Less action could lead to a slightly higher GDP for the UK in the short to medium term. This can
happen for two reasons. Firstly, not taking action now is like borrowing money. It makes one richer
for a short period, but ultimately a price has to be paid. Not protecting the environment is like
mortgaging our future. Secondly, GDP is not a measure of human welfare. The only reason why
sacrificing the environment for economic gain can seemingly work is because of the narrow
definition of economic gain, namely consumption of goods and services that have a traded or market
price but with no recognition of human life, health, welfare or happiness. Failure to make the right
investments now to help the UK become a low carbon economy will almost inevitably lead to
economic costs in the long term. Either carbon markets will have developed such that nonrenewable energy sources have become very expensive or global efforts to develop low-carbon
sources of energy will have stalled in which case high demand for fossil fuels is likely to increase their
cost.
8. Are there any alternative approaches the UK could take to the way it implements EU Directives on
the environment and climate change?
Any alternative should have as its aim to improve environmental protection, not weaken it as some
would have.
9. a. What advantages or disadvantages might there be in the EU having a greater or lesser role in
negotiating and entering into agreements internationally or with third countries?

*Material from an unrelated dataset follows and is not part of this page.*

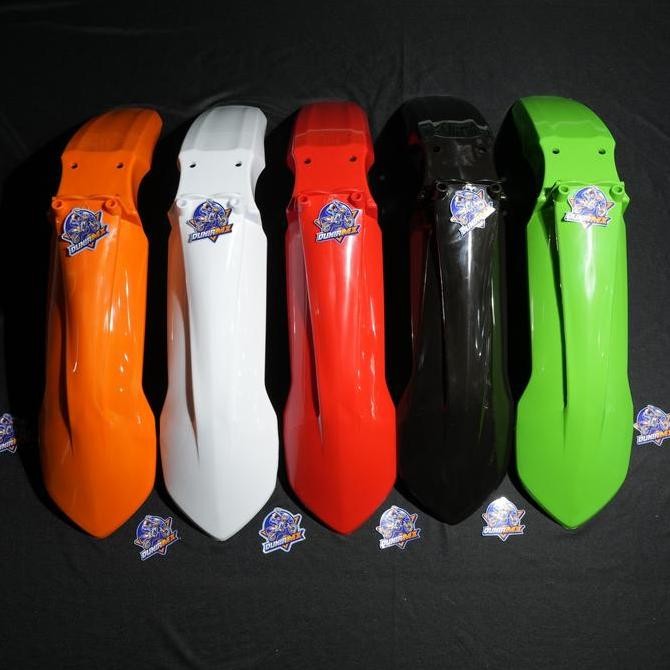 Ktm 85 2017 บังโคลนหน้า Supermoto (ยาว) พร้อม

As the EU is often better than most of the rest of the world in recognising and addressing
environmental issues, a greater role should be beneficial to the local and global environment.
b. How important is it for the UK to be part of “Team EU” at the UNFCCC?
As the UK is better than many other EU countries in recognising and addressing climate change, a
strong role should be beneficial for the local, EU and global environment.
Future challenges and opportunities
10. a. What future challenges or opportunities might we face on environmental protection and
climate change?
We envisage two main challenges:
a) Continued or even increased claims that we should not protect the environment because it will
damage the economy.
b) ‘Beggar my neighbour’ attitudes – if every other country doesn’t take action, neither will we.
b. Going forward what do you see as the right balance between actions taken at international, EU,
UK, and industry level to address these challenges and opportunities?
Action at all these levels is important. The order international, EU, UK and industry should be the
order of preference because the broader the agreements or policies , the more can potentially be
achieved. But where action at one level is not bearing fruit, it is vital that action at the next level
down is prioritised. For example, currently, international action on climate is in many ways
ineffective. This makes it more important to act at EU level.
c. What would be the costs and benefits to the UK of addressing these future challenges at an EU
level?
This has been covered in previous answers.
11. Are there any general points you wish to make which are not captured in any of the questions
above?
a) We notice that there are 32 separate strands to the consultation. Of these, just part of one
addresses climate change. This suggests a distinct lack of concern and priority about what is
probably the most important issue on earth.
b) As our responses indicate, we are generally in favour of strong EU environmental policies and of
not allowing MSs freedom to damage the local, European and global environment. However, it is
important that EU policies doe not constrain MSs who want to go further than the EU. If a MS wants
to provide, say, better protection against noise or to protect its habitats better than the EU requires,
nothing in EU legislation or policies should prevent that or make it harder.